Terceiro mandamento: Não insultarás o próximo
Escrever um tweet não é o mesmo que desabafar com um amigo. Há um mínimo de moderação e compostura que se exige a um político tanto na internet como fora dela. Insultar alguém em público tem consequências. Quando não se pode contribuir com argumentos válidos para a discussão, é melhor dar a conversa por encerrada.

Quarto mandamento: Serás tolerante e saberás ouvir/ler
Na sequência da terceira regra, a quarta implica tolerância. É mais fácil tê-la cara-a-cara do que quando se está escondido atrás do ecrã de um computador ou smartphone. Mas vale a pena ter tranquilidade para ler uma crítica ou um disparate e não lhe dar resposta. Além disso, o que é escrito, escrito fica. Um dia, o histórico das redes sociais será a memória do povo.

Quinto mandamento: Não usarás o humor como uma arma contra ti próprio
Nada contra um post bem-disposto ou uma observação divertida. Mas muito cuidado com as indirectas engraçadas ou com o humor negro que pode ofender alguém.

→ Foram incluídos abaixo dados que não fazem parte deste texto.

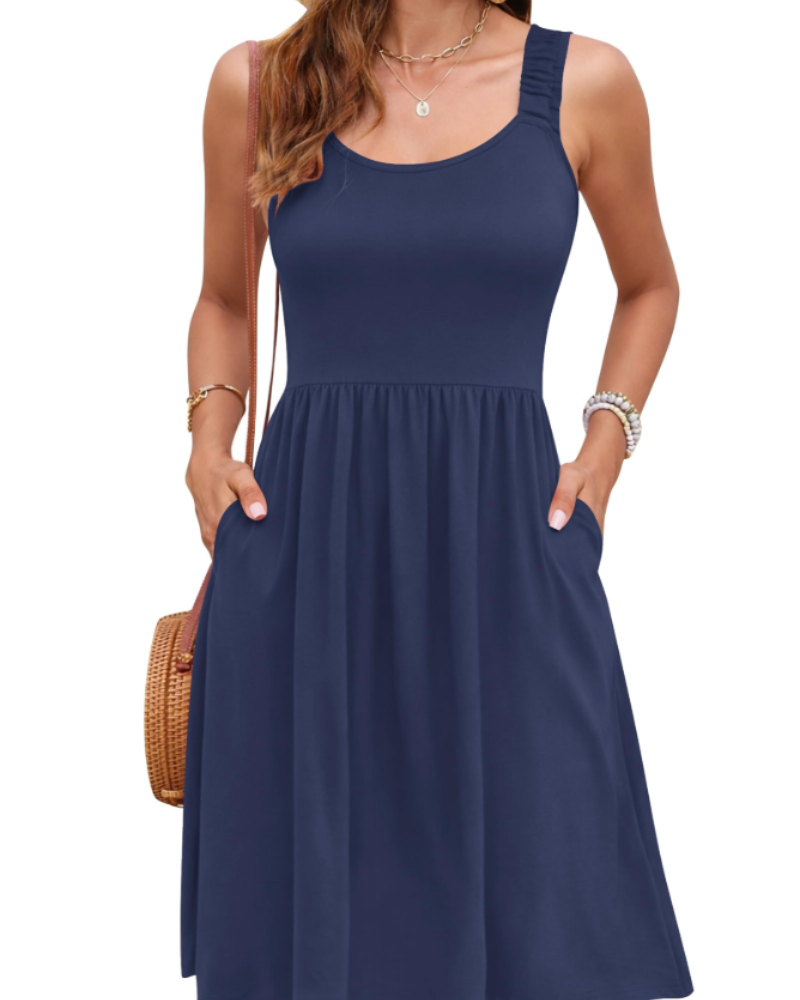 Susana zomerjurk dames – mouwloze jurk met getailleerde taille, vierkante hals & A-lijn
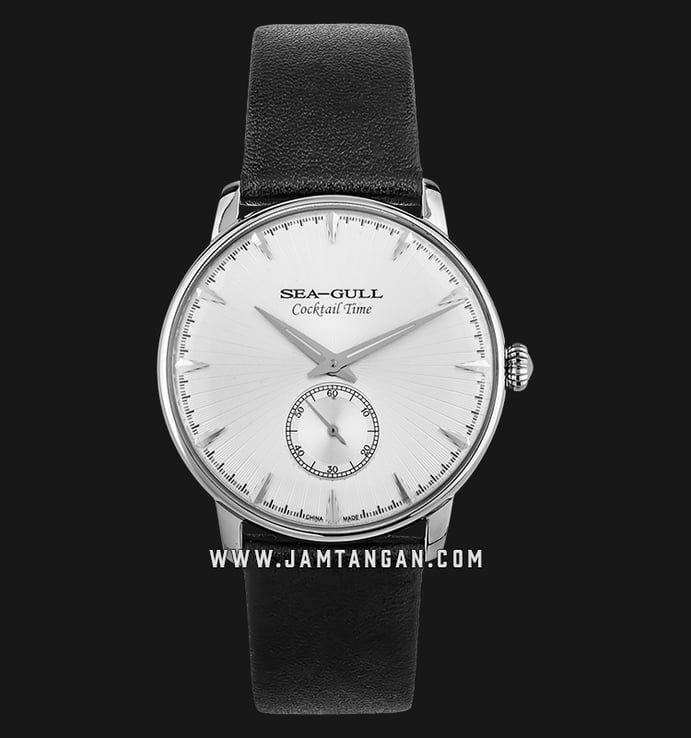 Seagull ON2705 Cocktail Time Automatic Mechanical Sea-Gull White Dial Black Leather Strap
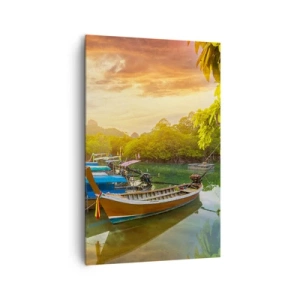 Cuadro sobre lienzo - Impresión de Imagen - Barcos tradicionales en aguas tranquilas al atardecer - 80x120cm - Antes de un día ajetreado - Decoración de pared moderna para salón y dormitorio ARTTOR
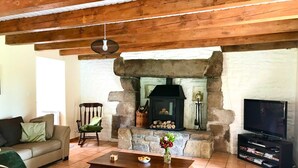 Ein gemütliches Wohnzimmer mit Kamin, einer Couch, einem Couchtisch und einem Fernseher.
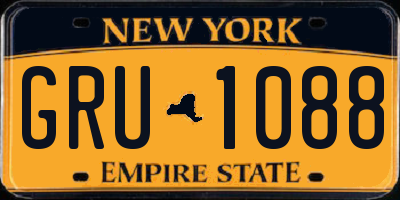 NY license plate GRU1088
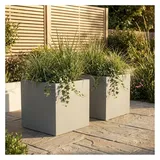 ethick Quadratischer Blumentopf 47 x 47 x 39 cm Beton-Grau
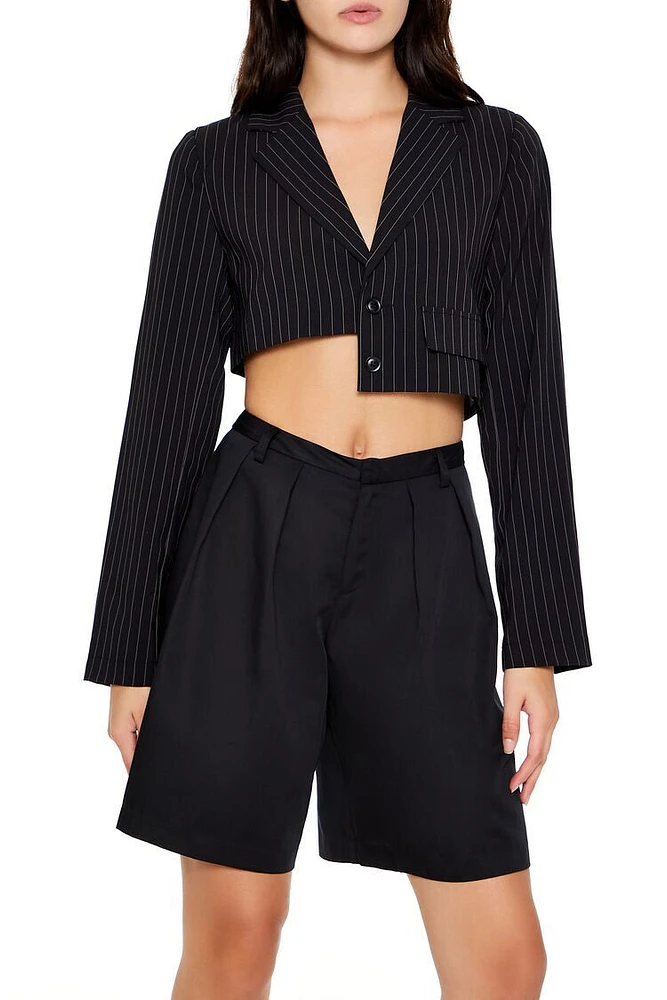 Pinstriped Asymmetrical Blazer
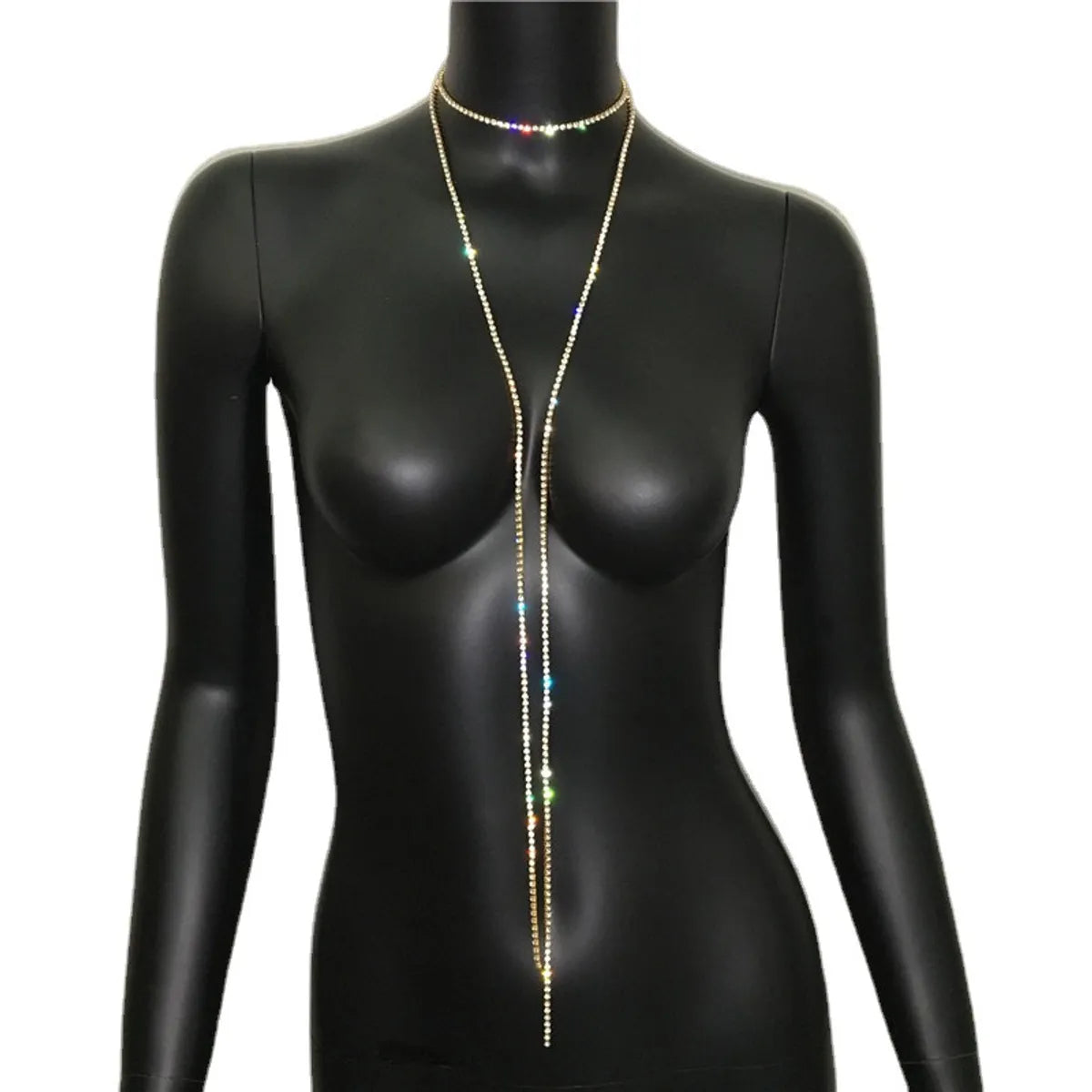 Streetwear Geometric Rhinestone Diamond Women'S Long Necklace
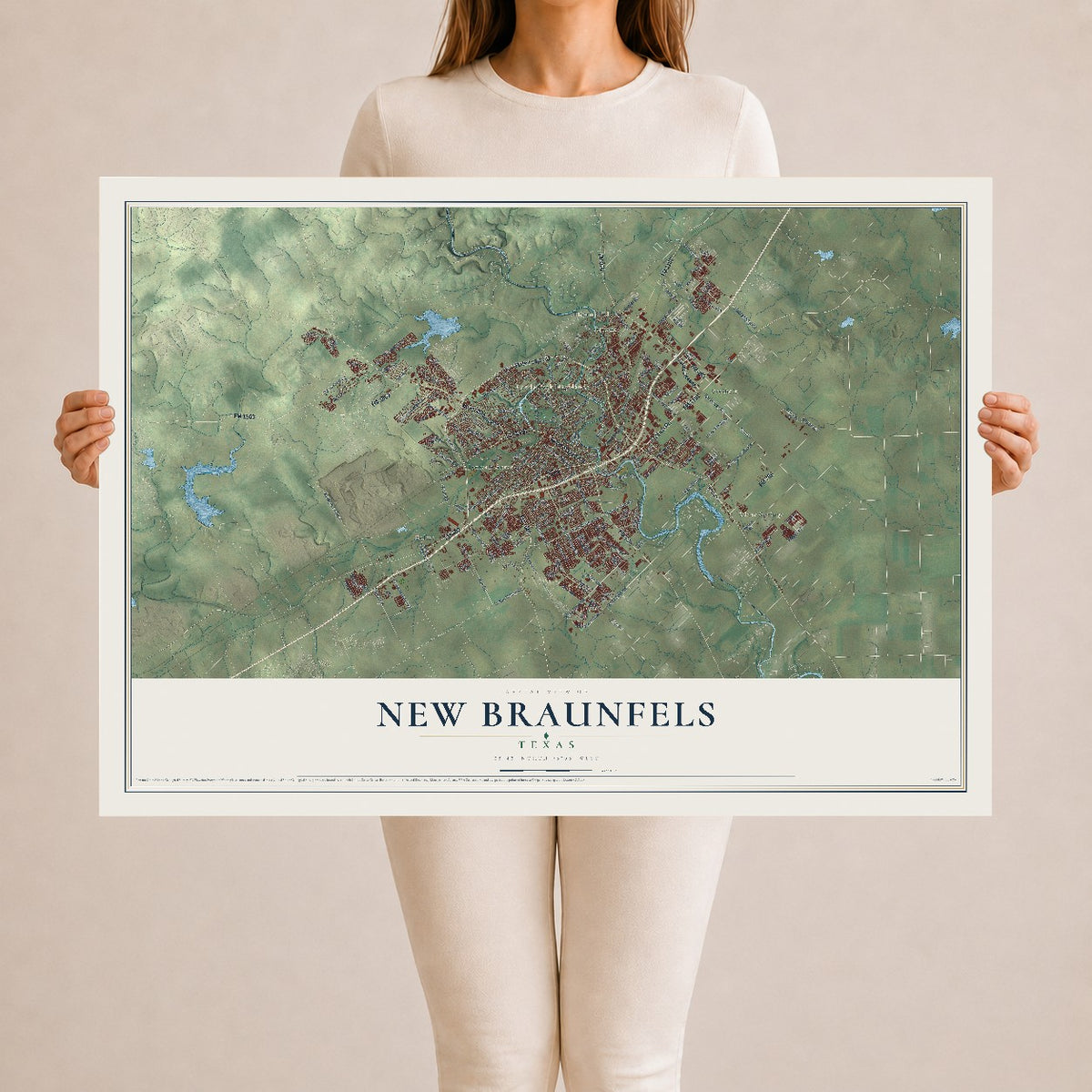 Map of New Braunfels, Texas, 24 x 36 inch unframed archival matte print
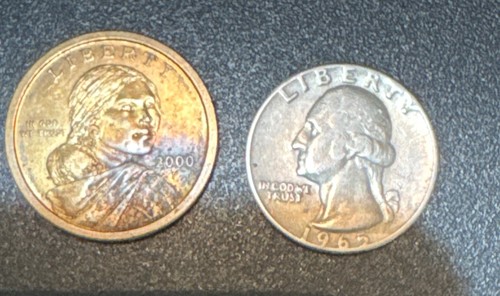 1943 steel penny ,1944 wheat penny,and 1977 copper penny,1965 and 1967 Quarter, - Picture 3 of 4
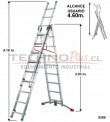 ESCALERA DE ALUMINIO TIJERA CON EXTENSION 5.60 M.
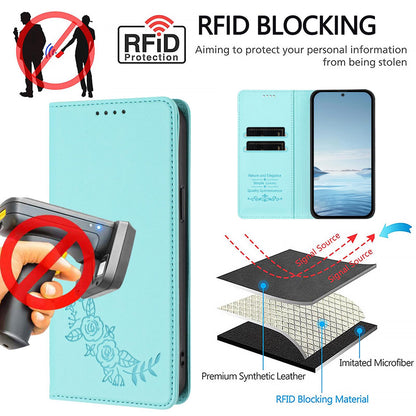 For Xiaomi Poco F8 Ultra 5G / Redmi K90 Pro Max Peony Embossed Magnetic RFID Vegan Leather Phone Case(Mint Green)
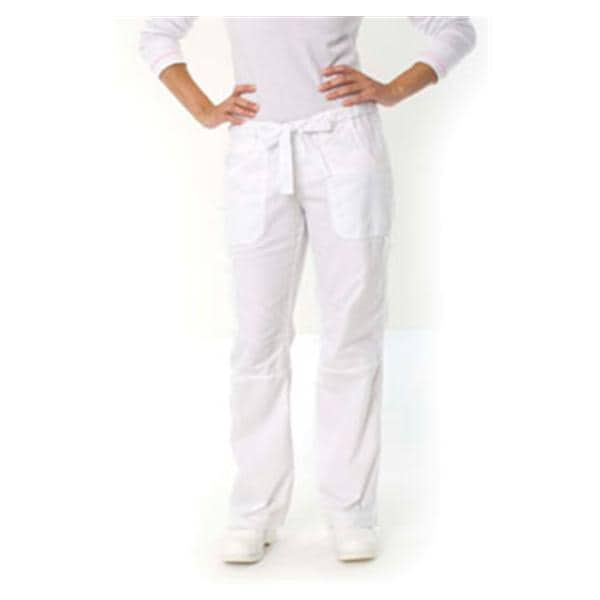 Scrub Pant 55% Cotton / 45% Polyester 6 Pockets X-Small White Womens Ea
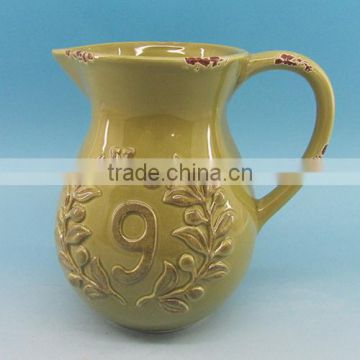 Hotsale embossed ceramic milk coffee jug wholesale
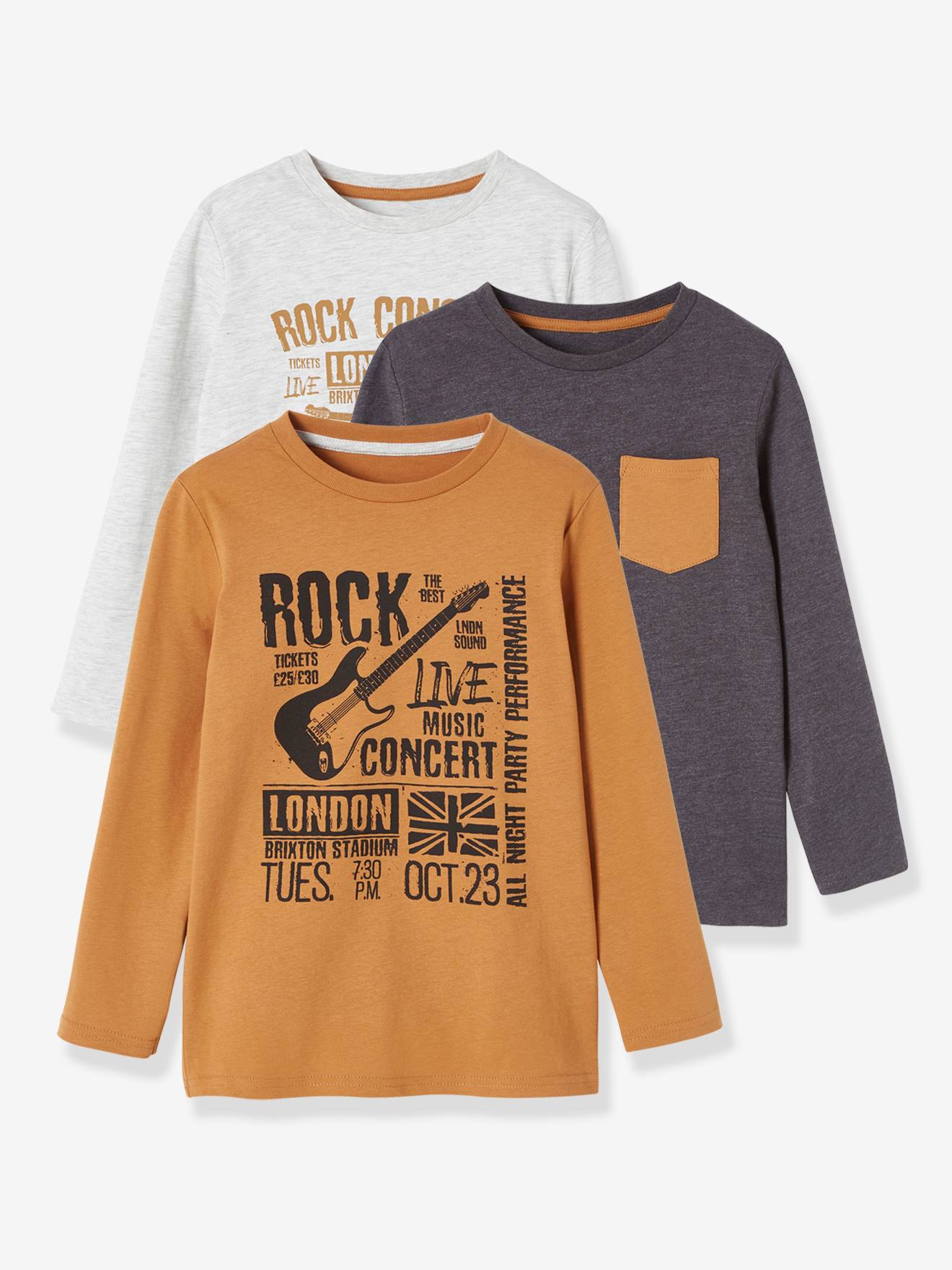 Lot de 3 t-shirts Basics garçon lot camel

Não há necessidade, como diria o Diácono Remédios.

Sexto mandamento: Saberás que nem tudo o que lês na internet é verdade
Nas redes sociais é fácil fazer uma espécie de “corta e cola” de algo lido noutro mural. Mas antes de partilhar, devia ser obrigatório confirmar se aquele passeio na avenida foi mesmo reduzido a metade ou se aquela pessoa é mesmo filha da outra e não mera coincidência de apelido. Válido para todos os utilizadores de redes sociais.

Sétimo mandamento: Partilharás o que pensas, não o que comes
Não se trata de guardar segredo para não causar inveja ou para não despertar a gula da “audiência”, mas o que pode ter mais interesse no mural de um político é aquilo que os ingleses designam por “food for thought” (comida para o pensamento) e não a comida propriamente dita.

Oitavo mandamento: Não te auto-elogiarás
Outra maneira de dizer que o autor não precisa de fazer “gosto” em todos os posts ou tweets que partilha. Nem sequer é bom para a auto-estima. Os seguidores e amigos existem para isso e, já agora, são a declaração de interesses dos donos dos perfis. Diz-me com quem andas na internet, dir-te-ei quem és.

As oito regras são válidas também para jornalistas, professores, pais e até adolescentes que se iniciam online. Porque, na verdade, um pouco de bom senso nunca fez mal a ninguém.